-- Data to examine follows --
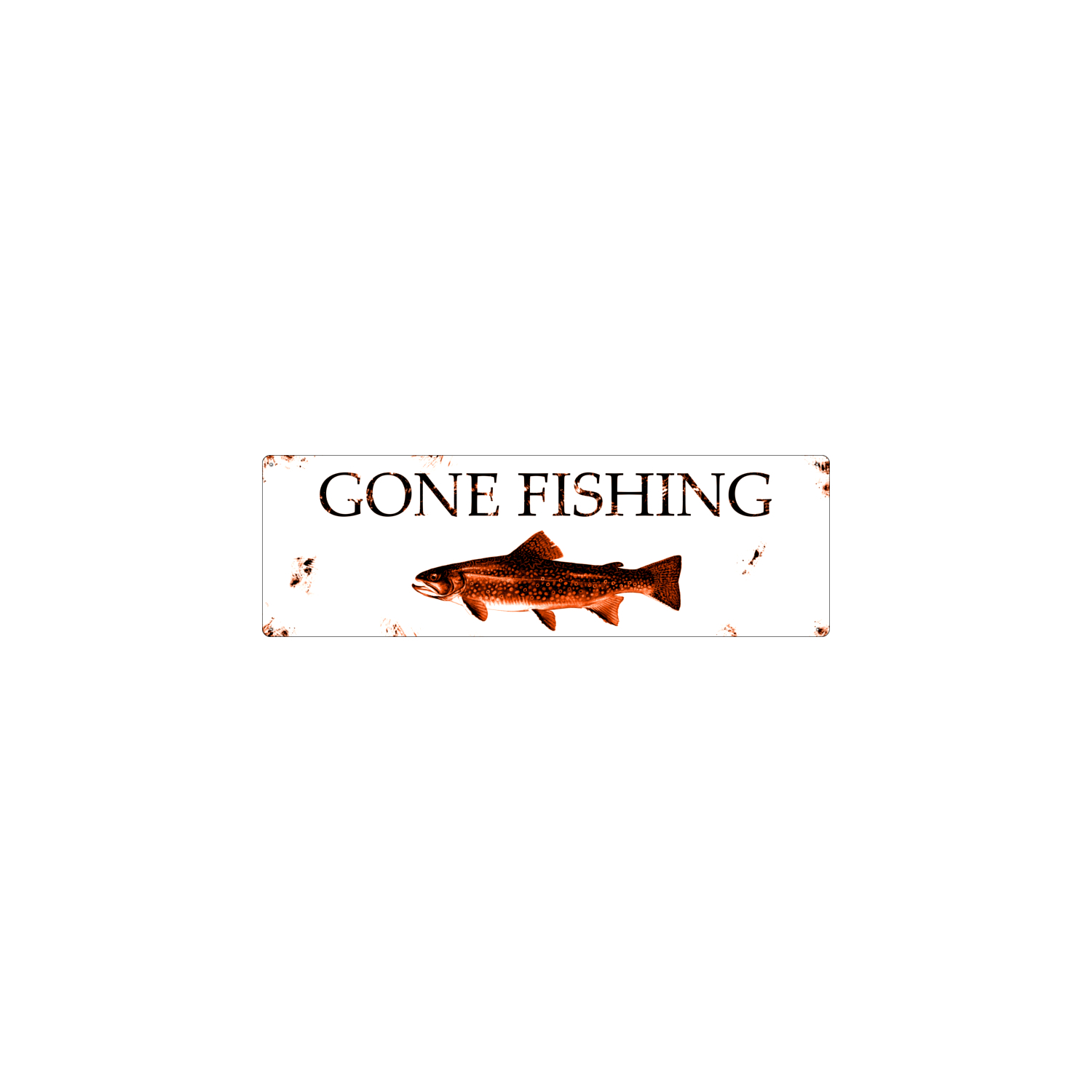 Retro METALLSCHILD Blechschild GONE FISHING Türschild Dekoschild Geschenk Angler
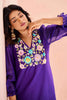 Precious Violet Color Sequins Organza Festival Wear Pant Suit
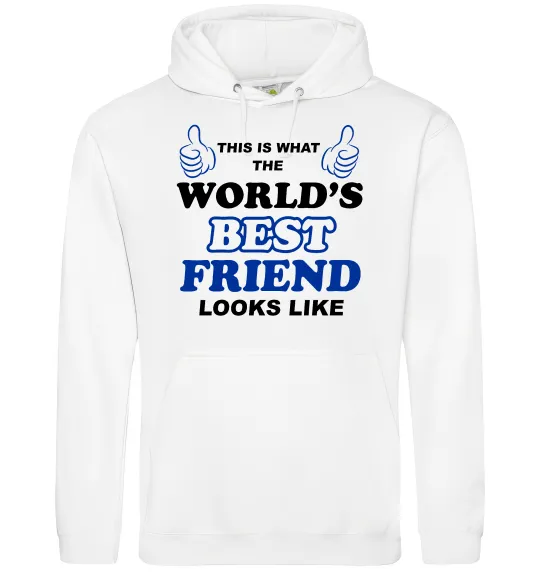Чоловіча толстовка (худі) This is the worlds best friend looks like Білий фото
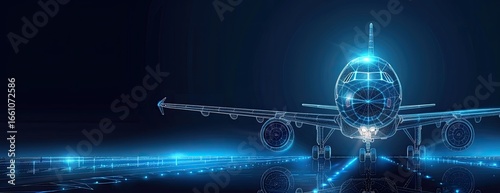 Airplane on runway, digital wireframe, night.  Futuristic travel concept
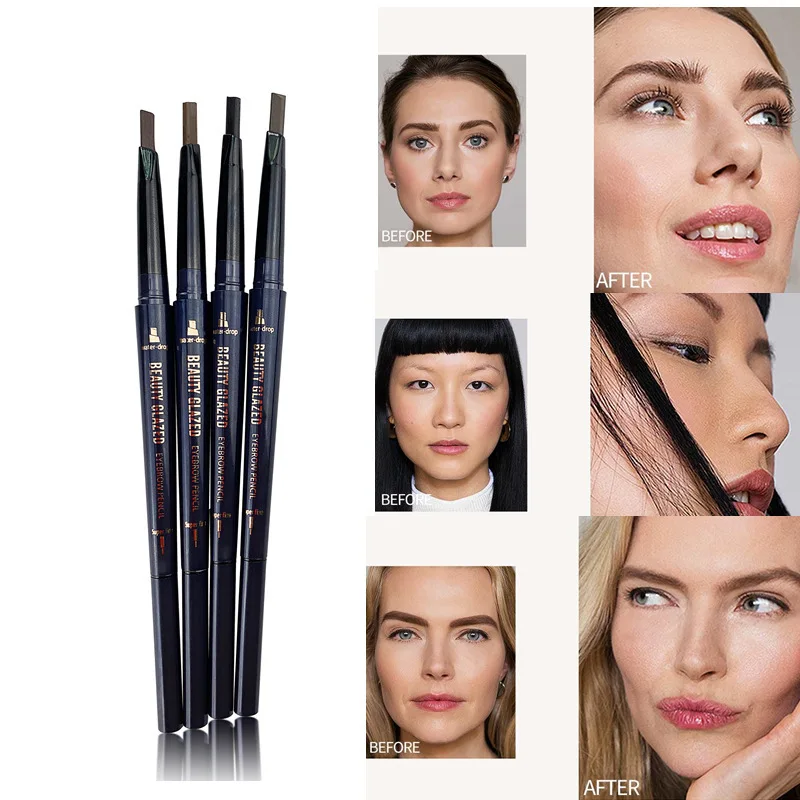

Beauty Glazed Eyebrow Pencil Waterproof Natural Long Lasting Ultra Fine 1.5mm Eye Brow Tint Cosmetics Brown Color Brows Make Up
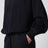 Black cotton fleece crewneck sweatshirt
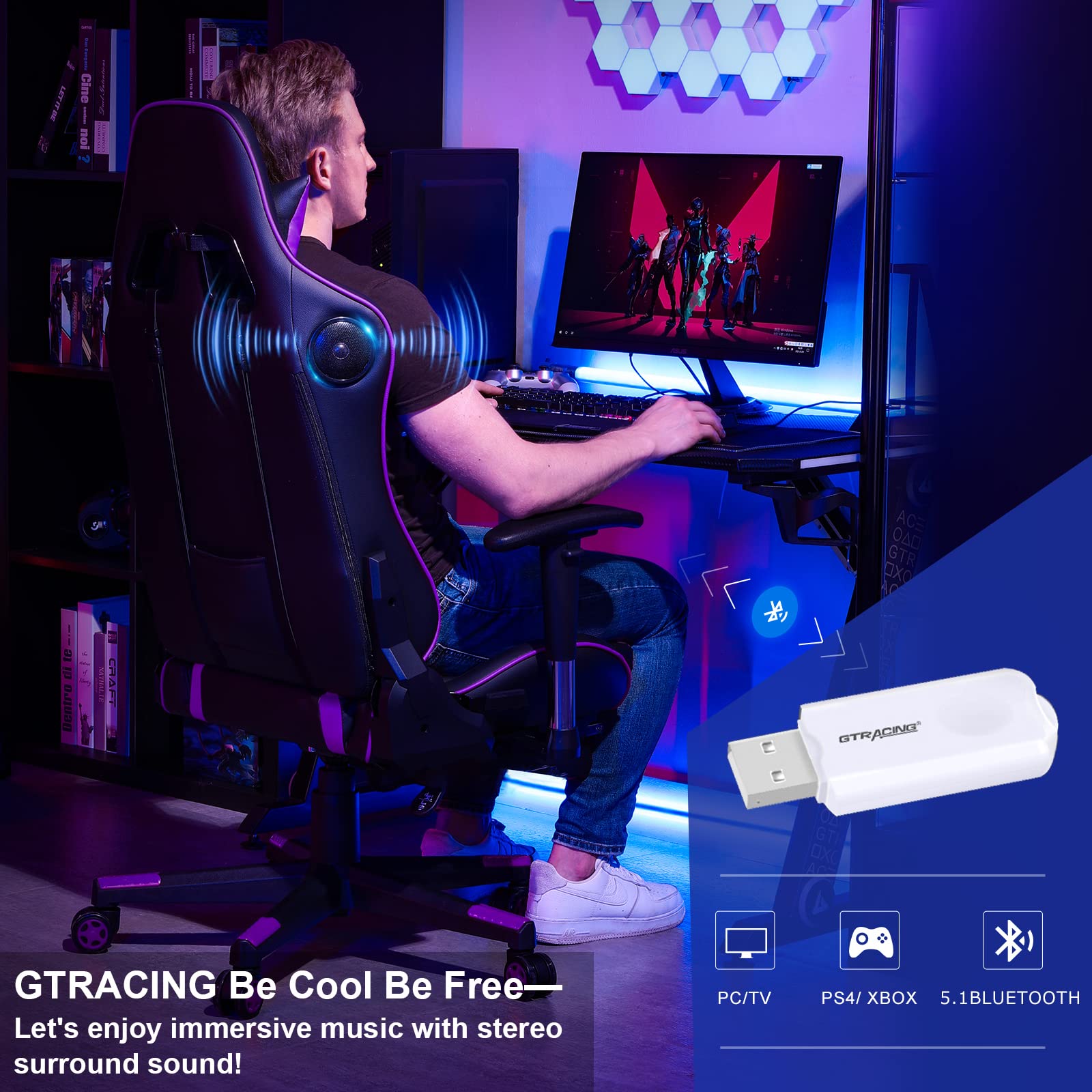 GTRACING GT890M Ergonomic Gaming Chair with Bluetooth Speakers - Heavy Duty Office Computer Desk Chair for Video Games & Music - Purple - Perfect for Gaming, Streaming & Home Office Use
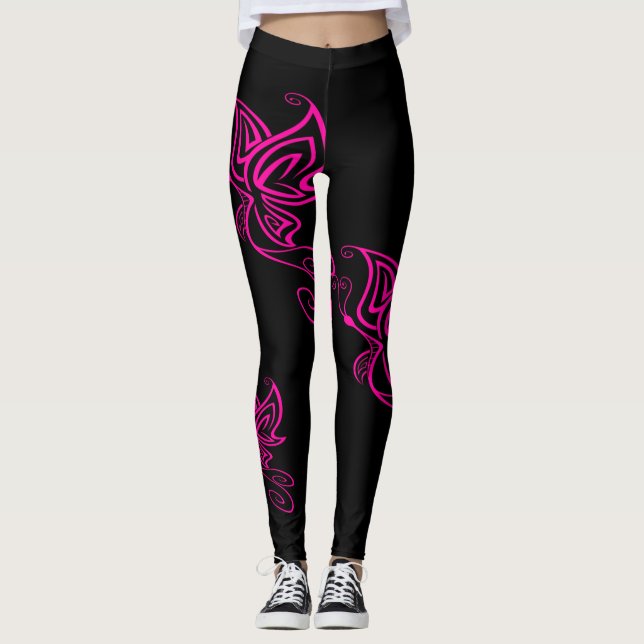 Hot Pink Butterfly Leggings (Front)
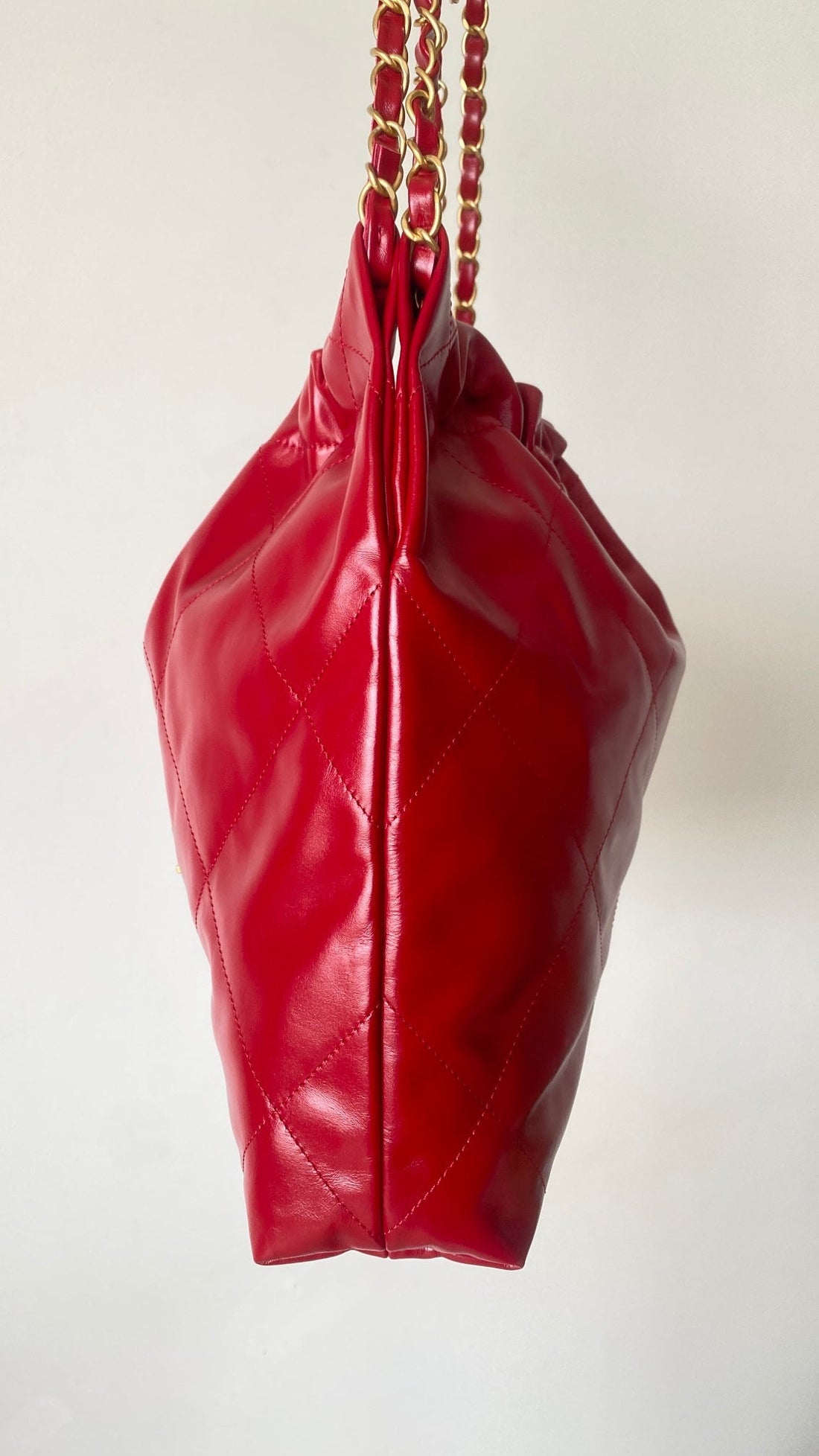 Chanel 25 gesteppte Tasche Rotes weiches Kalbsleder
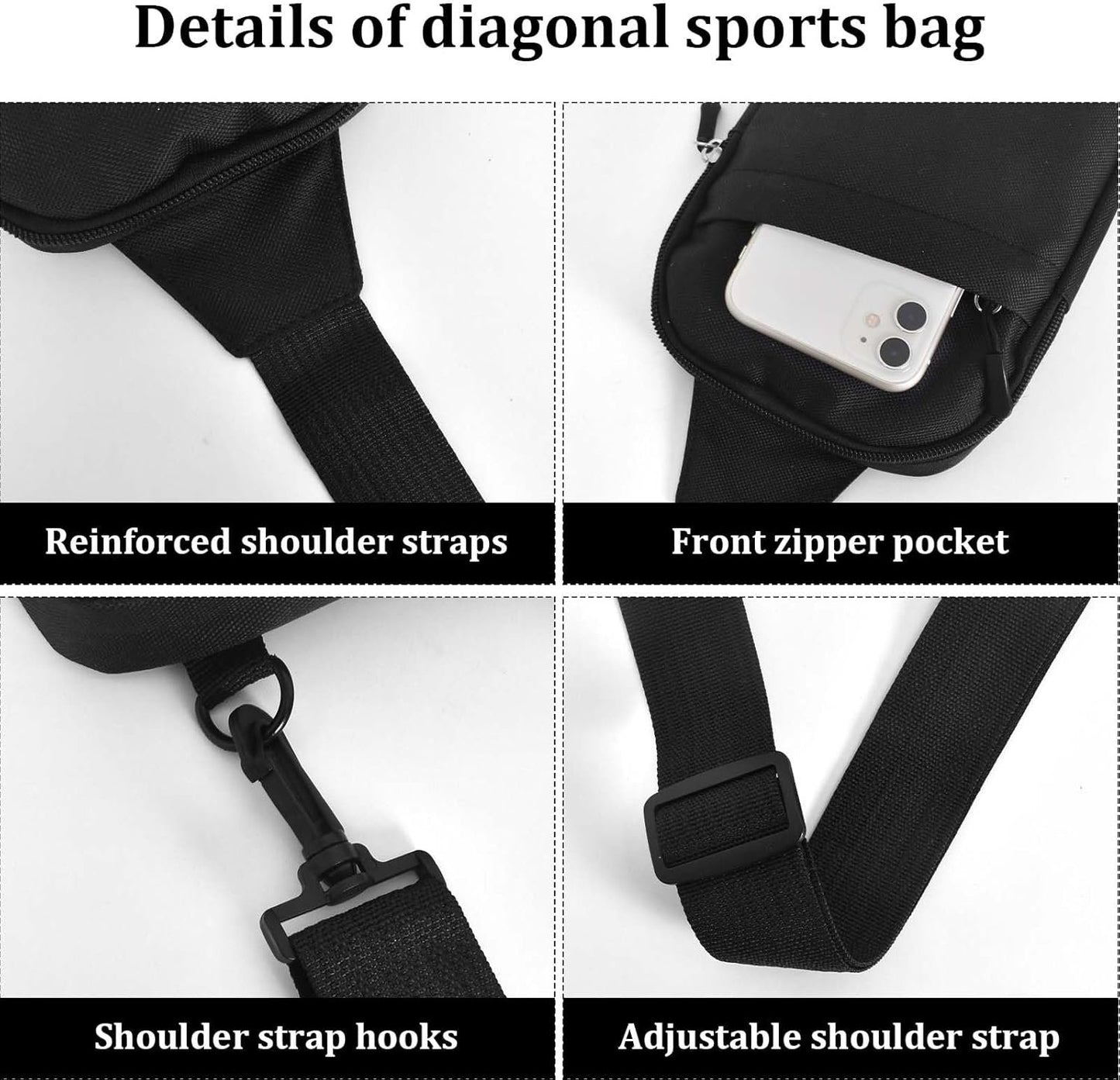Sling Bag for Men Women, Lightweight Chest Bag Crossbody Backpack Anti Theft Casual Small Shoulder Chest Bag Adjustable Shoulder Strap Daypack for Travel Outdoor Hiking Sports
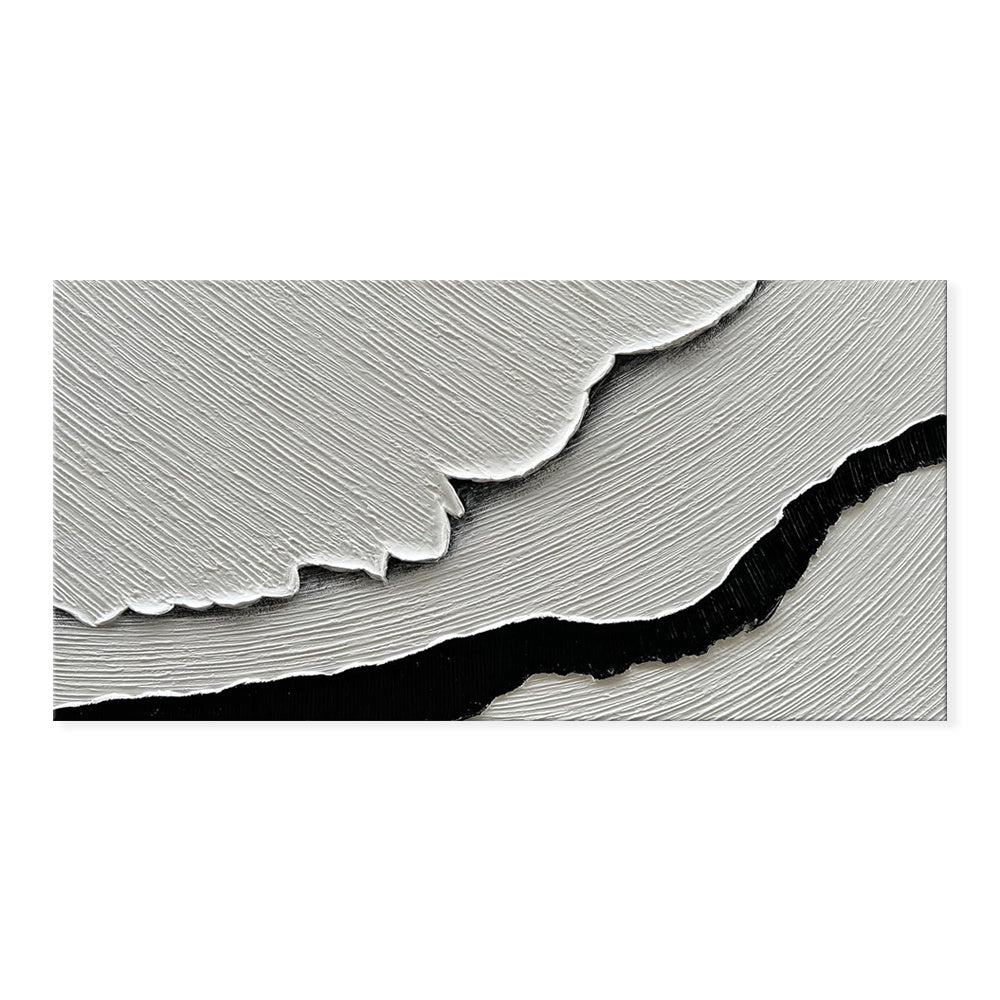 Hand Painted Black & White Sea Waves Abstract Paintings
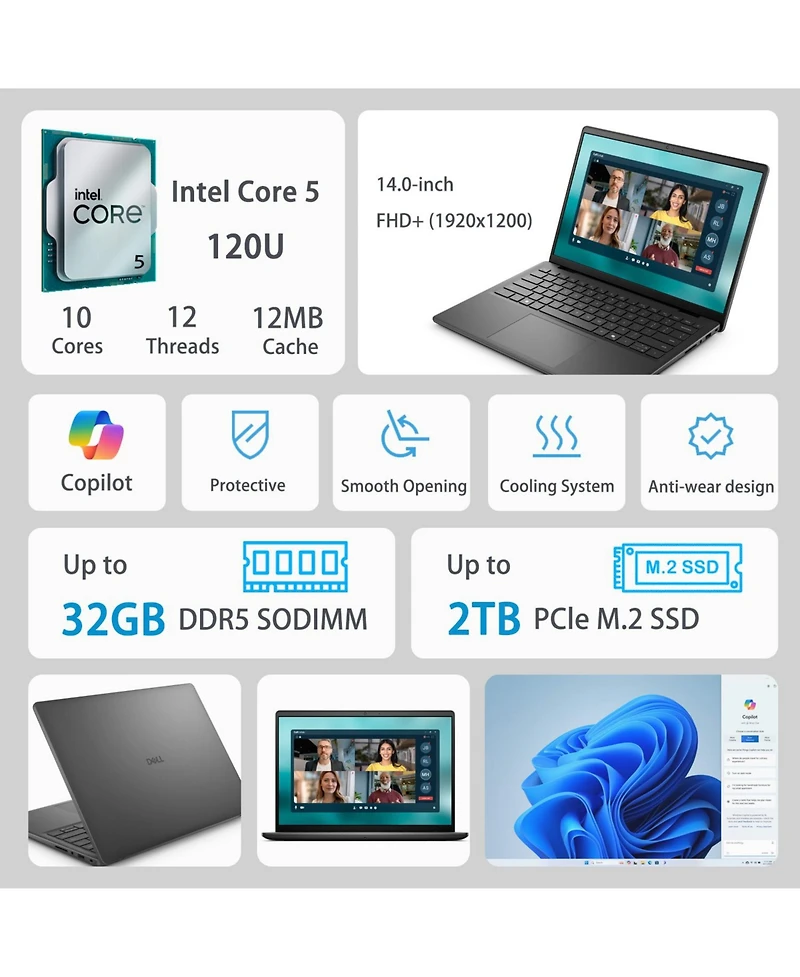 Dell 14 14" Traditional Laptop Intel Core 5 8GB Ram Intel Graphics 512GB Ssd Storage Windows 11 Home 60Hz -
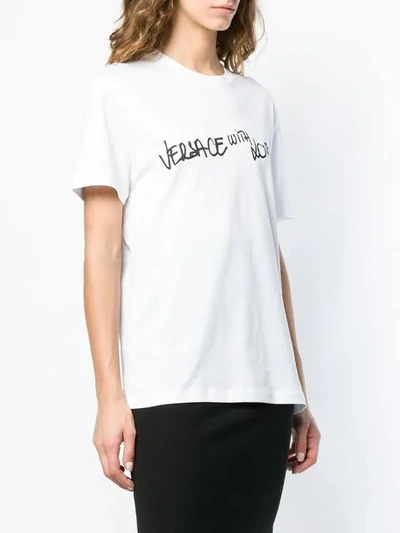 Shop Versace 'with Love' Print T-shirt In White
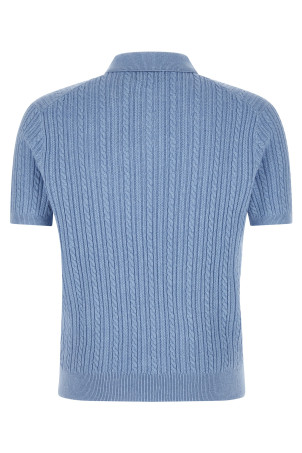 Braided polo sweater BLUE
-- Data to examine concluded --
Instructions to follow: All lines from the one containing "Beauty Glazed Eyebrow" to the last line of the records above, and no others, should be returned unchanged, without pictures.

Result below:
Beauty Glazed Eyebrow Pencil Waterproof Natural Long Lasting Ultra Fine 1.5mm Eye Brow Tint Cosmetics Brown Color Brows Make Up
 Black cotton fleece crewneck sweatshirt
 GTRACING GT890M Ergonomic Gaming Chair with Bluetooth Speakers - Heavy Duty Office Computer Desk Chair for Video Games & Music - Purple - Perfect for Gaming, Streaming & Home Office Use
 Hot Pink Butterfly Leggings (Front)
 Chanel 25 gesteppte Tasche Rotes weiches Kalbsleder
Sling Bag for Men Women, Lightweight Chest Bag Crossbody Backpack Anti Theft Casual Small Shoulder Chest Bag Adjustable Shoulder Strap Daypack for Travel Outdoor Hiking Sports
 Hand Painted Black & White Sea Waves Abstract Paintings
 Dell 14 14" Traditional Laptop Intel Core 5 8GB Ram Intel Graphics 512GB Ssd Storage Windows 11 Home 60Hz -
 Shop Versace 'with Love' Print T-shirt In White
 Braided polo sweater BLUE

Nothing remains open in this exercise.